- Directed by: William Weintraub
- Written by: William Weintraub
- Produced by: Bill Brind
- Narrated by: Vlasta Vrána
- Cinematography: Jacques Avoine Lynda Pelley Barry Perles
- Edited by: Jeremiah Hayes
- Music by: Eldon Rathburn
- Distributed by: National Film Board of Canada
- Release date: 1993;
- Running time: 51 minutes
- Country: Canada
- Language: English

= The Rise and Fall of English Montreal =

Film about English exodus from Montreal

The Rise and Fall of English Montreal is a 1993 Canadian documentary film directed by William Weintraub and produced by the National Film Board of Canada in Montreal.

The film deals with the exodus of English-speaking Quebecers that began in the 1960s and was accelerated by the 1976 Quebec general election.

==Overview==
The film includes interviews with English-speaking professionals and students who are preparing to leave Montreal, joining an exodus of 300,000 Anglophones that left the province in the last two decades.

This exodus is reflected in over 100 English-speaking schools that have closed in recent years. The students at McGill University and Concordia University cite better work opportunities outside of the province as a reason for leaving. Frequently, the lack of a Francophone background is cited as an obstacle for Anglophones, even for those who are bilingual.

Weintraub also looks at the role that the Office québécois de la langue française plays in making Anglophone businesses comply with language laws, calling for the use of French language signage instead of English.

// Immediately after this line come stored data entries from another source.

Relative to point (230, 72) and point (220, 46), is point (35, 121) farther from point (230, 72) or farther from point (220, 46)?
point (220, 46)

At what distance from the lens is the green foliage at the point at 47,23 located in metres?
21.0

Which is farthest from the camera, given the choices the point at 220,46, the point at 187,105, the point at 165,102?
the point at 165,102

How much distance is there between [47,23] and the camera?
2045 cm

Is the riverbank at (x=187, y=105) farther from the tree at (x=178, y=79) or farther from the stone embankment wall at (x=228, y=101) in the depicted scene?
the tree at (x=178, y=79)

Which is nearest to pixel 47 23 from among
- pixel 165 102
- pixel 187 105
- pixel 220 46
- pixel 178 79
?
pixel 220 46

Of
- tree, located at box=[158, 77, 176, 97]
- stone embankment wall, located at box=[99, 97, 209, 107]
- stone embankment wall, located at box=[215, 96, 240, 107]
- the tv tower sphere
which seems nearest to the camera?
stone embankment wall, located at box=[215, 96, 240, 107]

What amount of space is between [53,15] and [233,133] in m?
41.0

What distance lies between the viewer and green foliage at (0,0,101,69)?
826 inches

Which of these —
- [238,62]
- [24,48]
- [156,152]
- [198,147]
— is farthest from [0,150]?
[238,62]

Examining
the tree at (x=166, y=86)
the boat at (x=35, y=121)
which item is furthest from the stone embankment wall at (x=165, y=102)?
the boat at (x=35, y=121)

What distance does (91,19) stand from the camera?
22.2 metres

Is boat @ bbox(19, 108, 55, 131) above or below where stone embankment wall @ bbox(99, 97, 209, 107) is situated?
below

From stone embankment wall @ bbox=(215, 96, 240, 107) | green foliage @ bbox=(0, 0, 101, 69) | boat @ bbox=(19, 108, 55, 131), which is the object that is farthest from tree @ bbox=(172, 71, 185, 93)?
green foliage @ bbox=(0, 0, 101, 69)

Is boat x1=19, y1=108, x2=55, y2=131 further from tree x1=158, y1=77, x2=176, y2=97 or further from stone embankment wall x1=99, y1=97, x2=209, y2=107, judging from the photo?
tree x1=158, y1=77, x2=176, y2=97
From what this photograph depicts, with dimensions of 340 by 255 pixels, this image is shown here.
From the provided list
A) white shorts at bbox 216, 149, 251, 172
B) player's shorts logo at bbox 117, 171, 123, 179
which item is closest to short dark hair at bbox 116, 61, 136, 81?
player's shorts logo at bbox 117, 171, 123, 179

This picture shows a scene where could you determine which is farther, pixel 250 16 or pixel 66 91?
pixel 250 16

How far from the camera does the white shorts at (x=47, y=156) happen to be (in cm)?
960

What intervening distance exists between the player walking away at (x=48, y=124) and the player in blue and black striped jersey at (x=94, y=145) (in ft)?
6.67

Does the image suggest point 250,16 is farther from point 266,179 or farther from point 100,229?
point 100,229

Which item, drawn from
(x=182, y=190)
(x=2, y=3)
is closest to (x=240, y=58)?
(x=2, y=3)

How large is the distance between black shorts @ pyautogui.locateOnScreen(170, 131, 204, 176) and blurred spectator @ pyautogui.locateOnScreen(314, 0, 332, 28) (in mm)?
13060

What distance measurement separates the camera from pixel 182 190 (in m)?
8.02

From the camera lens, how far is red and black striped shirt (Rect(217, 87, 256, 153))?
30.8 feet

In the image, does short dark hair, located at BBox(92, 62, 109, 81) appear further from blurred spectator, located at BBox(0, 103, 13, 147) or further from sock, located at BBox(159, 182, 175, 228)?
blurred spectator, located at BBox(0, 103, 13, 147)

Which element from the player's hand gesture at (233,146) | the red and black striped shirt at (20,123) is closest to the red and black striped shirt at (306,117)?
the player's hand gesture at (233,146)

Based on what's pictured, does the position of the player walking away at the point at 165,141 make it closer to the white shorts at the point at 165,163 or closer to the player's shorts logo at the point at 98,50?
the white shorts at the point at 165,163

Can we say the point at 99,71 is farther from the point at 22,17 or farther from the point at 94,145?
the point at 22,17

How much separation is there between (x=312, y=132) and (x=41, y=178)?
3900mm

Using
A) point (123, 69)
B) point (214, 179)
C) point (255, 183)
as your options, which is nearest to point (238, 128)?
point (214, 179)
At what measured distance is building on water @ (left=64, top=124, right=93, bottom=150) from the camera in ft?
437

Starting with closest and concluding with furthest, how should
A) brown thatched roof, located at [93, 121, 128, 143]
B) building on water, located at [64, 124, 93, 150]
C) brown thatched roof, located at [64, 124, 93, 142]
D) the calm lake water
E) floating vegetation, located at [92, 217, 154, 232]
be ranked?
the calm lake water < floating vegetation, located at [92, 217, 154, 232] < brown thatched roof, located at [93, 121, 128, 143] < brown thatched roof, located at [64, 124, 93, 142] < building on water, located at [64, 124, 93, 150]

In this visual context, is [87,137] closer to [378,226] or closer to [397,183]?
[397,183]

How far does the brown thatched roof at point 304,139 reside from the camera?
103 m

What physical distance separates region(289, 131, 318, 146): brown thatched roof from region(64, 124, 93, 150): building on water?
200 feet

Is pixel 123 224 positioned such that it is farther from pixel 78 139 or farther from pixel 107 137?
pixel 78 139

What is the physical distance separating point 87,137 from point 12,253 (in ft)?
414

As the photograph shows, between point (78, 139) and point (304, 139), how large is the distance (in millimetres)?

The film juxtaposes a worried minority's present position with their past in Montreal, where English-speakers once outnumbered Francophones, where the mayor was English-speaking and it was difficult to be served in French in downtown department stores.

The film also addresses key moments of significance to the Anglo community in Montreal, such as the demolition of the Van Horne Mansion in 1973. Weintraub also displays the significant role that Anglo business has played in cultivating Montreal's overseas image as a "North American Paris."

As the Anglo youth leave Montreal and the elderly stay behind, the film poses questions about the future and sustainability of the Anglo community in Montreal and the province itself.